I started using in California when I was 19 years old—my dad passed away when I was 17 and I just kind of fell into a bad crowd and started hanging out with the wrong people. My use started with just marijuana and alcohol, you know, smoking and drinking on the weekends for fun, but eventually I got into coke and it became an everyday habit for me. Things got really bad once coke was in the picture; I didn’t graduate high school, and before I knew it, ten years had just passed me by.
I came to New York in 1992 to try to escape my addictions. I thought if I could get away from California, away from the craziness, away from the same group of friends, I might have a chance. I bought a one-way ticket, and it really did work for a while. Once I was in New York, I started to get back on my feet. I even got off drugs for ten months; although I was still drinking alcohol, I wasn’t smoking pot or using coke. But I wasn’t committed to recovery, and pretty soon I was back to my old ways—just getting high, getting high, and getting high.
For a while I was a “functional addict,” but by September of 2008, I had stopped “functioning.” I couldn’t sleep and I couldn’t go to work. I was trapped in my kitchen, smoking coke. It was pathetic.
That was when my wife took my son and daughter and left—she couldn’t take it any more, and I don’t blame her. It was my rock bottom, watching them leave; I fell into a complete depression and I knew I had nothing left to lose. That’s when I took out the yellow pages. There I was, at 3AM, sprawled on my kitchen floor, calling up drug treatment centers. The folks at Phoenix House were the only ones who picked up the phone and listened.
I entered treatment at Phoenix House the next day, and I stayed there for a little over two years. The first 30 days were awful; I was cranky and I didn’t want to be there. I knew it was my choice, but I still hated it. When I finished induction I switched over to the Phoenix House Long Island City Center. There, I finally started seeing the bigger picture of treatment and recovery. There were something like 250 people in the center, all these colliding personalities, and the community kind of opened my eyes up and got me to where I could settle down with myself and truly see myself as I was.

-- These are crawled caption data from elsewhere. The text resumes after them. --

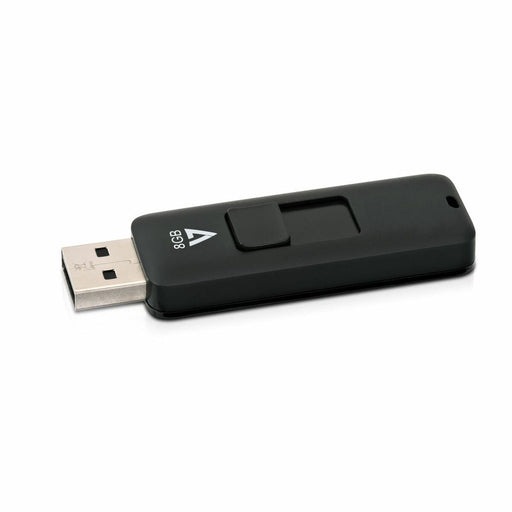 Pendrive V7 Flash Drive USB 2.0 Nero 8 GB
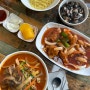 안성 차돌버섯짬뽕 맛집 쉐농식당 후기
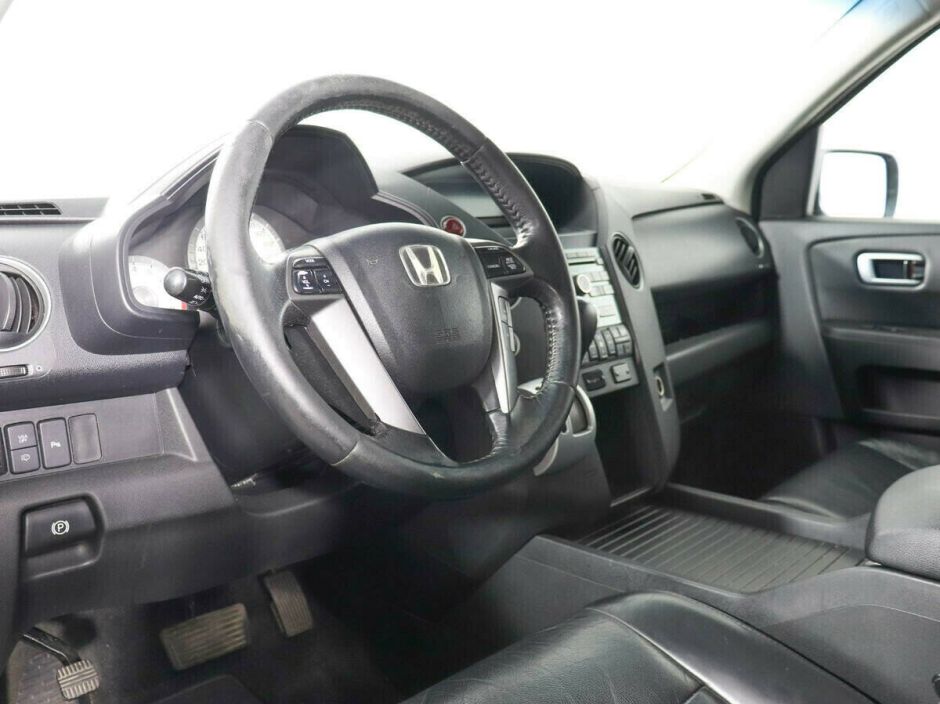Honda Pilot, 3.5 л, АТ, 2008 фото 7
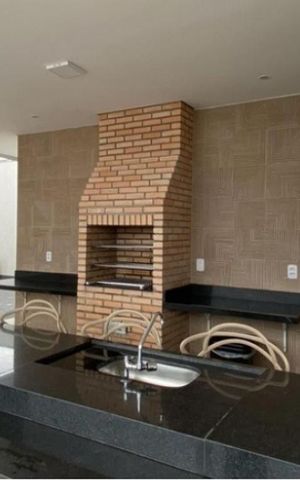 Apartamento à venda com 39m², 1 quarto e sem vaga Apartamento à venda com 39m², 1 quarto e sem vagaÁrea externa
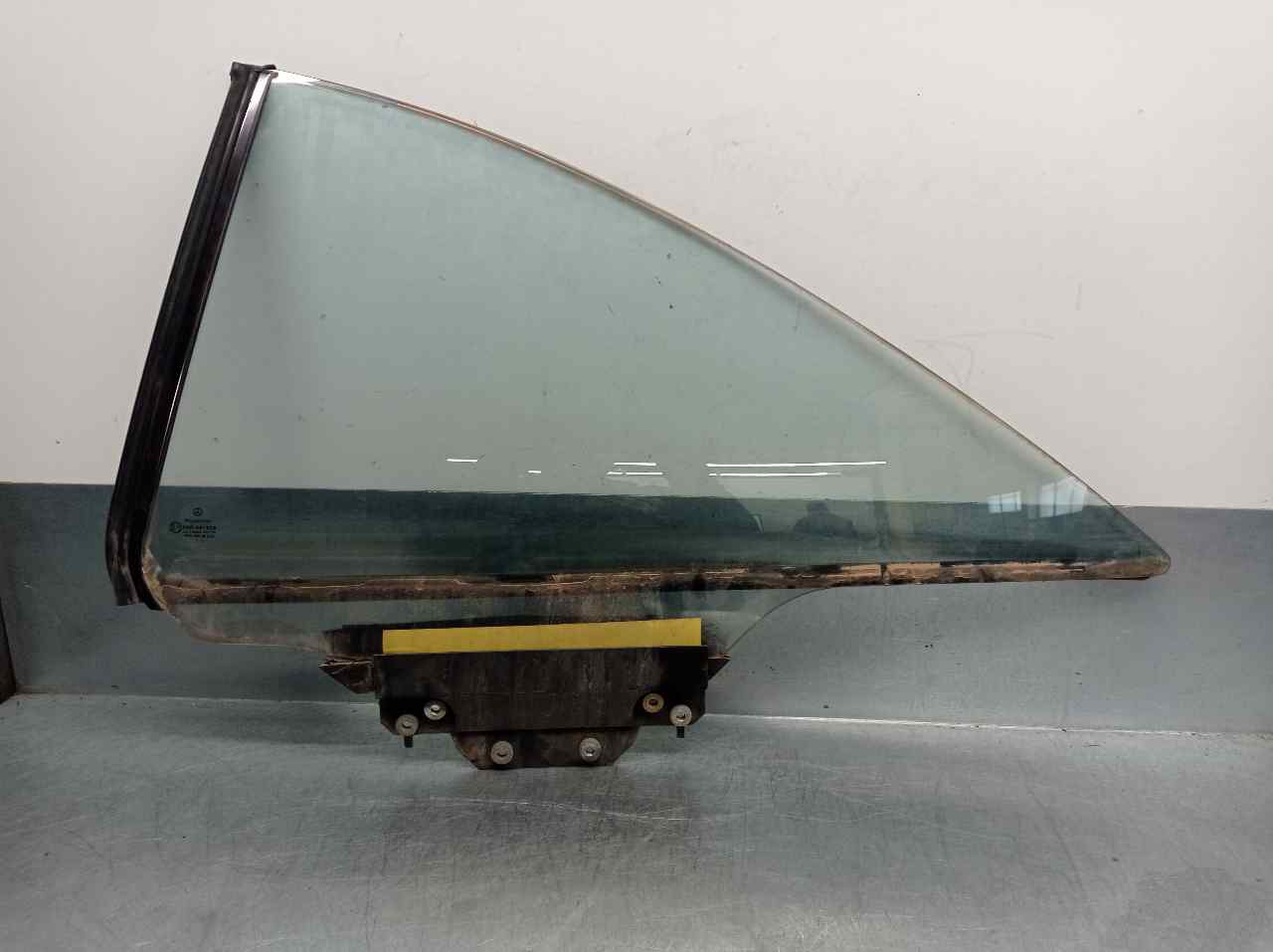MERCEDES-BENZ S-Class W220 (1998-2005) Rear Left Door Window A2156700310, *CESTA-11 19842529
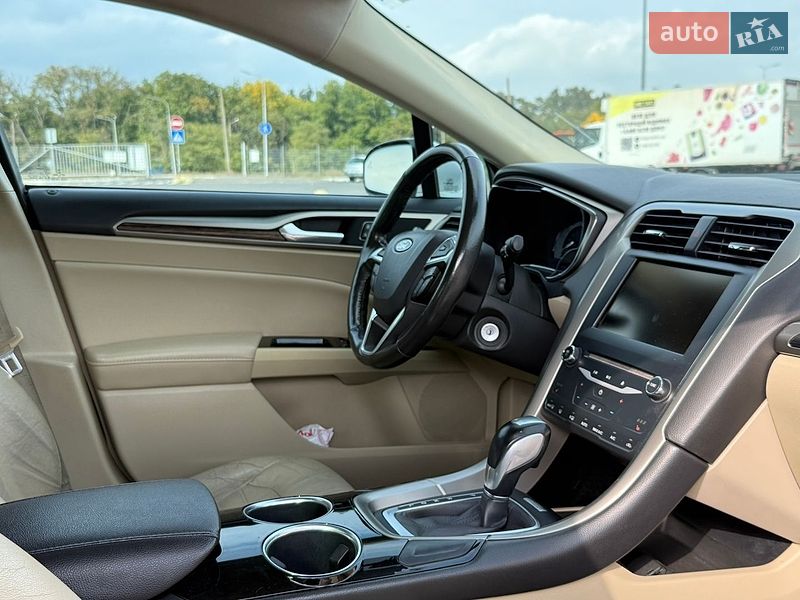 Седан Ford Fusion 2013 в Одесі фото 18 Седан Ford Fusion 2013 в Одесі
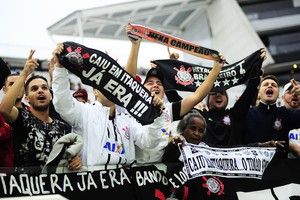 No Majestoso, Corinthians quebrará recorde de público de sua arena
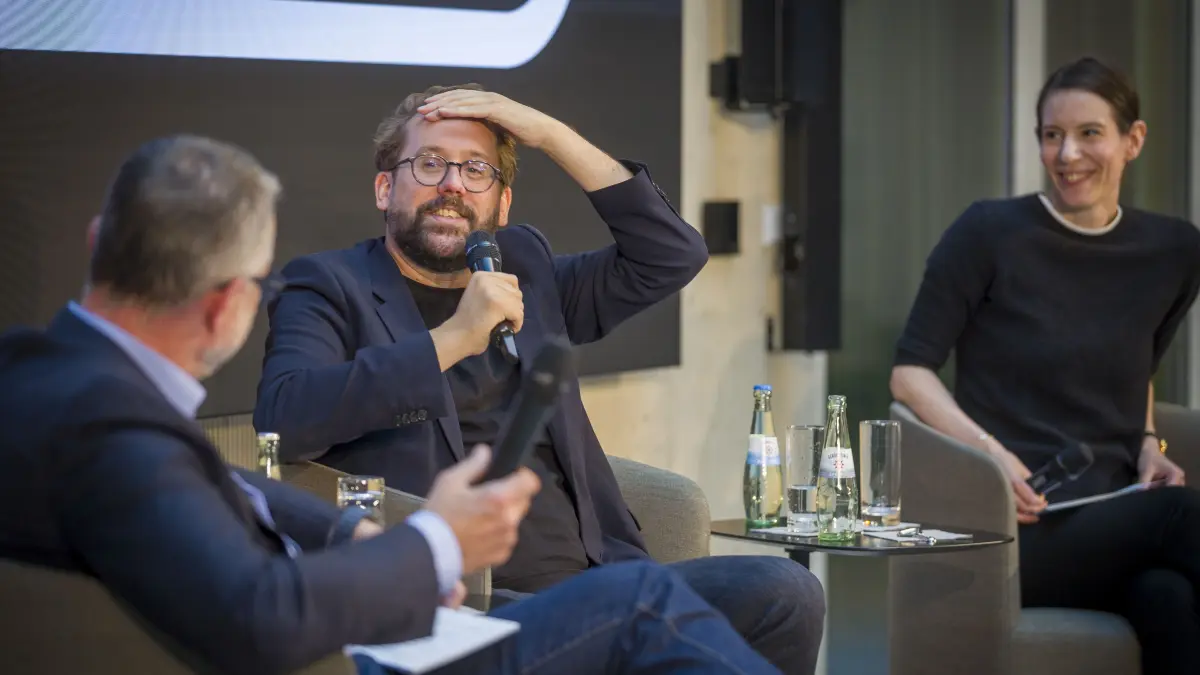 SWP Medienhaus: FORUM mit Paul Ronzheimer, stellv. Chefredakteur BILD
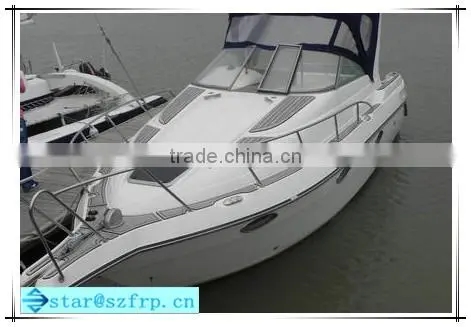 Fiberglass Speed Boats photo-2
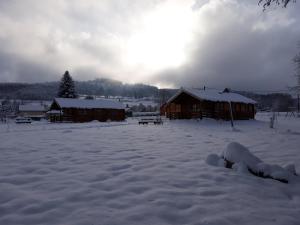 chalets les 5 loups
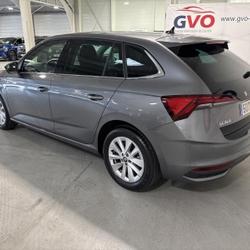 Skoda Scala 1.0 TSI Evo2 116ch Selection Saint-Gr&eacute;goire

I’ve always enjoyed drawing and painting; I studied art in college in California, but I never finished because of my drug use. At Phoenix House I started to bring those skills back, and I had the opportunity to paint some murals on the walls of the Long Island City Center. The murals were kind of a challenge to myself. I wanted to check and see if I had any skills left—I needed to see something of value in myself to understand what I was getting sober for. I was relieved to discover that I do still have that small artistic talent that God gave me, and these days I use it to further my recovery and support my inner self. I felt a real sense of accomplishment when a film I made of the mural won an award from the 2009 OASAS Recovery Fine Arts Festival. Plus, it was nice to leave something beautiful behind for the Phoenix House building, for future clients to enjoy.
Addiction is terrible because it forces you to burn bridges—I lost contact with a lot of good people, connections, and financial assets over the years. It would have been nice if I had had access to some sort of prevention program when I was a kid. Knowing what I know now might have put me in check and stopped a lot of my self-destruction. Luckily, treatment put a lot of things back together for me. My family is back together—my son is eight and my daughter is five, and they’re wonderful. I’m 41 now and I’m finally facing reality, working full-time, and supporting my family.
I hope my kids learn from my mistakes; I’m letting them know ahead of time about the pressures they’re going to face as they get older. There are a lot of young people who are already using drugs, but if those kids can be motivated to change their lifestyle early on, that would do a lot of damage control. No one should have to watch their life pass them by while on drugs. No one should give up. I haven’t given up, and I’m rebuilding myself and my life every day.